By Monica Burns
How do you assess student learning online? How is it different from checking for understanding and giving feedback in a classroom? Over the past few months, so many of our conversations have shifted to focus on the best ways to support student learning at a distance. We have platforms that make communication and distribution of resources easier than in the past. When assessing online learning and providing feedback to students, we can use these digital spaces strategically. Without attempting to substitute or mimic past experiences, we can identify the “value add” or benefit of using digital spaces while building on the best practices.
In a traditional classroom setting, we know that a one-size fits all approach isn’t the best when it comes to assessment. In digital spaces, you can have students share their learning and respond to a question in different ways. For example, you might set up a journaling space for students to give responses to daily or weekly prompts. If you use a tool with audio, video, and voice-to-text options, students can pick how they respond to the prompt.

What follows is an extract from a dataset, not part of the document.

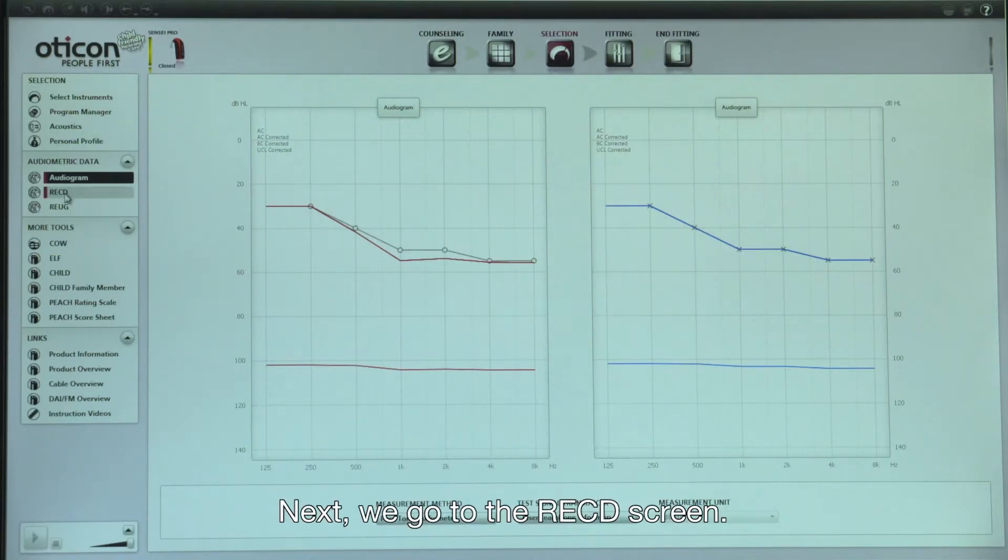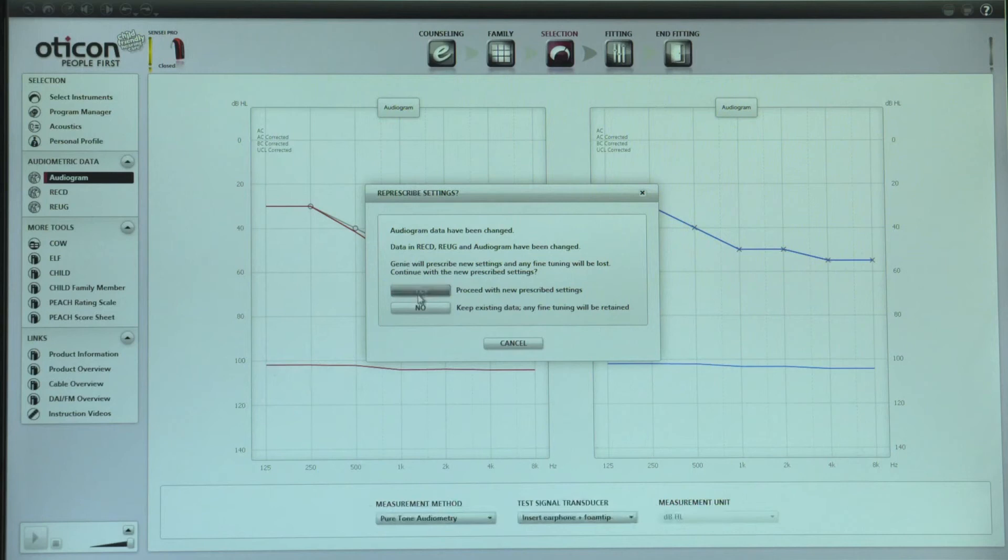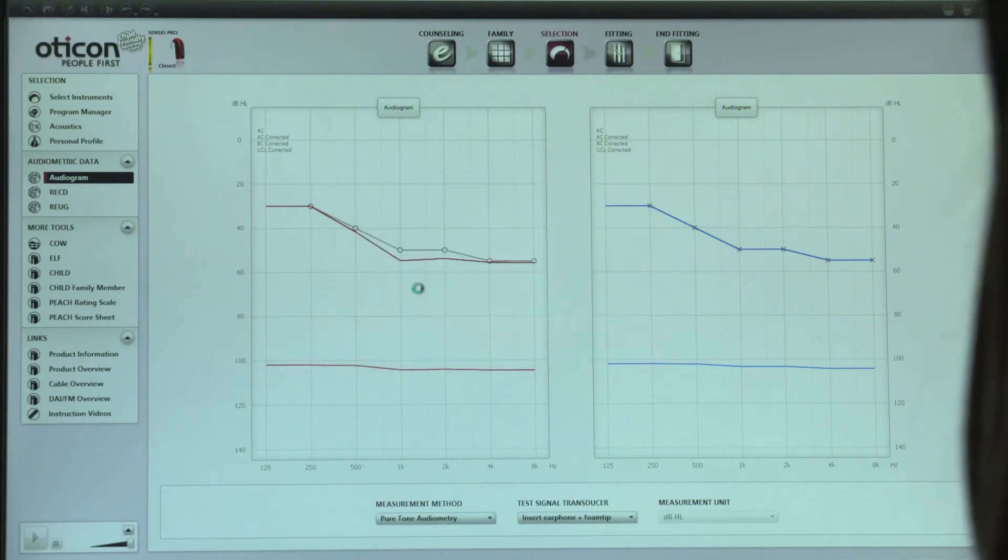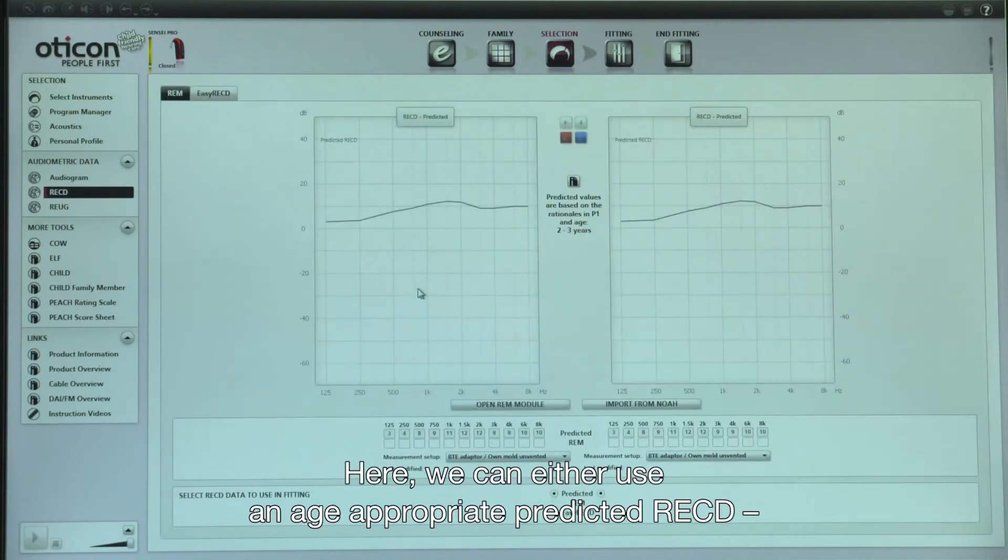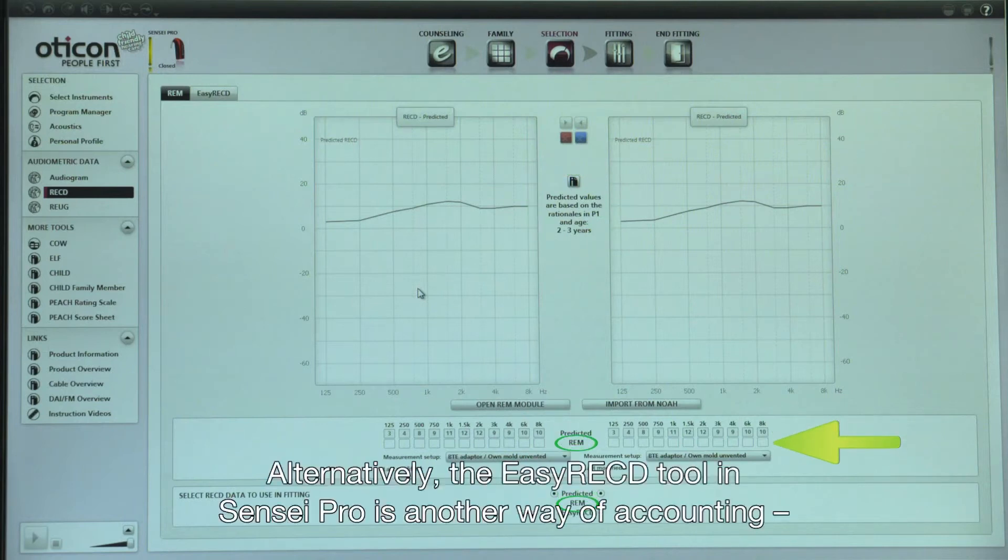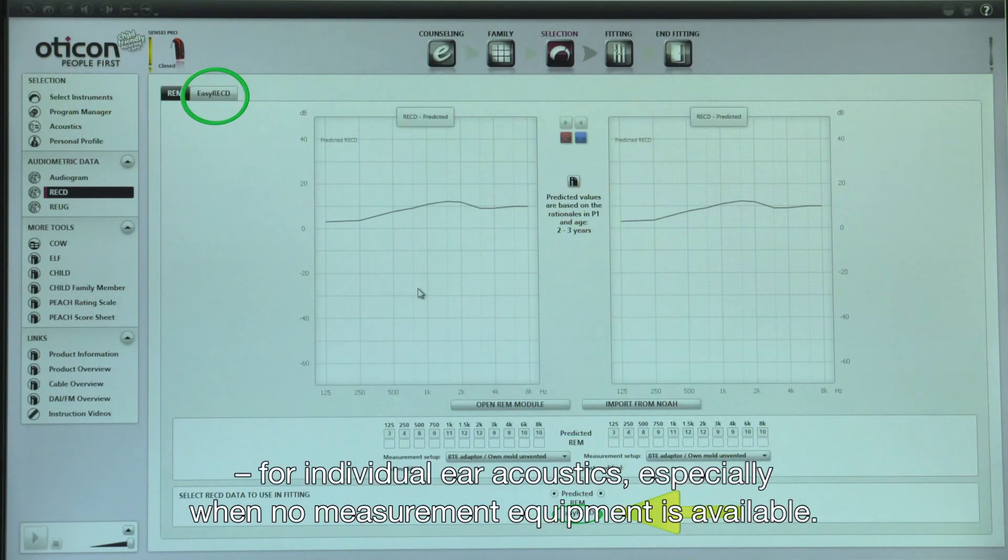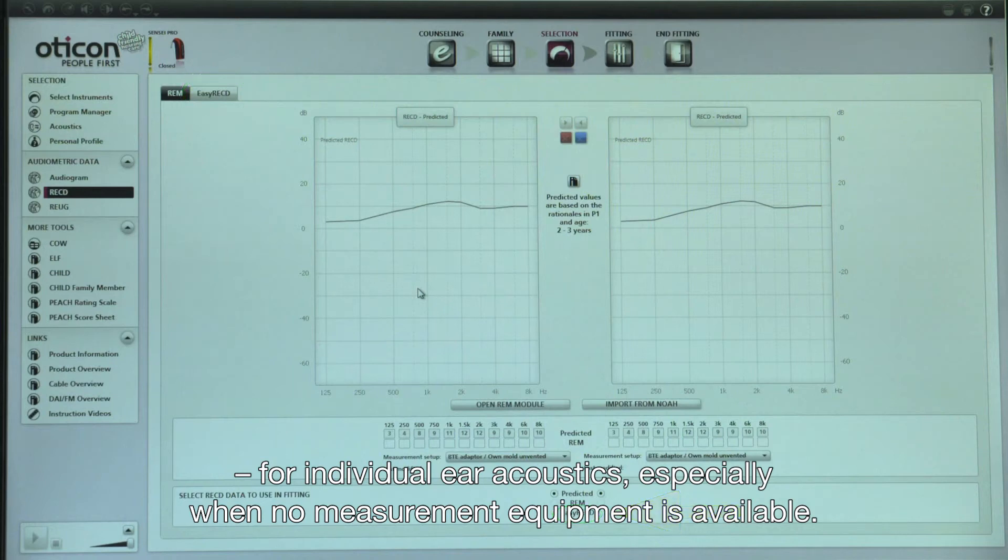Next, we go to the RECD screen. Here, we can either use an age-appropriate predicted RECD or enter a previously measured RECD. Alternatively, the easy RECD tool in Sensei Pro is another way of accounting for individual ear acoustics, especially when no measuring equipment is available.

A tool like Book Creator lets students choose from a few different options for their response. The “value add” or benefit, is that you students can give you a response that helps you determine if they’ll need additional support regardless of the technology you use. So if you ask students to share a take away from a lesson, students can tell you with their voice, on video, or through text, and their preference of media may change throughout the week.
Make It Actionable
If you are giving students feedback on their work make sure it is relevant to the task and clear how they can take action. For example, if your students are creating an outline for a research project, feedback such as “great job” isn’t actionable. We know this is true in a traditional face-to-face classroom, and it is important to consider in online spaces as well. In a classroom setting a student might be able to ask a quick follow up question for clarification. In a virtual classroom, making feedback actionable requires a level of clarity at the start.
Review the feedback you give to students to make sure there is a clear action item. For example, if your students are working in a collaborative Google Doc, you might leave a comment with a general comment, such as “I like how you…” and an action item that also points them to a supporting digital resource. Continuing with the research example, you might review a student outline and provide an action item like:
- Watch this short video tutorial for information on citing sources [add your link]
- Review this list of tips for evaluating a website [add your link]
Personalization When Possible
Using the assessment data you collect provides an opportunity for more personalized learning pathways for students. Fellow ASCD author Eric Sheninger joined me for a conversation about remote learning earlier this year and he spoke about “focusing on elements of voice and choice, path, pace and place.” When collecting assessment data in a traditional classroom setting, we think about gathering resources and developing interventions for students. In a virtual space, we can also distribute resources to students based on the data we collect. This could include creating collections of books for students within a tool like Epic! or sharing a supporting tool like the apps from the Math Learning Center based on analysis of formative assessment data.
In my new quick reference guide for ASCD, Distance Learning Essentials, there is a section on tips for giving students feedback. Although feedback should always be personal in the sense that it connects back to students and their needs, in an online environment this takes a different spin. Giving students feedback at a distance provides challenges for communicating tone. To make feedback in online learning spaces more personal, you might share a voice recording as a comment in a tool like Seesaw, or share a video response using Flipgrid.
Establish a Routine
Try using a similar routine at the end of each live (synchronous) meeting with students, or introduce a weekly assessment routine students can participate in during self-paced learning experiences. For example, you might set up a Padlet space for students to respond to a prompt at the end of every live session. Alternatively, you could set up the same space for students to post questions each week that you can bring into follow up discussions.
Timely feedback is essential in all classrooms and when there are lots of moving parts in an online space, maintaining a consistent routine for feedback is important for everyone. You might decide that you block off time for reviewing student work each day and leaving feedback as opposed to reviewing student submissions the moment they come in. This can help you set dedicated time for giving feedback, and help set an expectation for students that they will hear from you within a set time frame.
As you assess online learning, flexibility and responsiveness is key. You can pivot if a routine isn’t working the way you would like it to, you can provide options for how students respond, and you can tailor your feedback so that it crosses the physical distance between you and your students this year.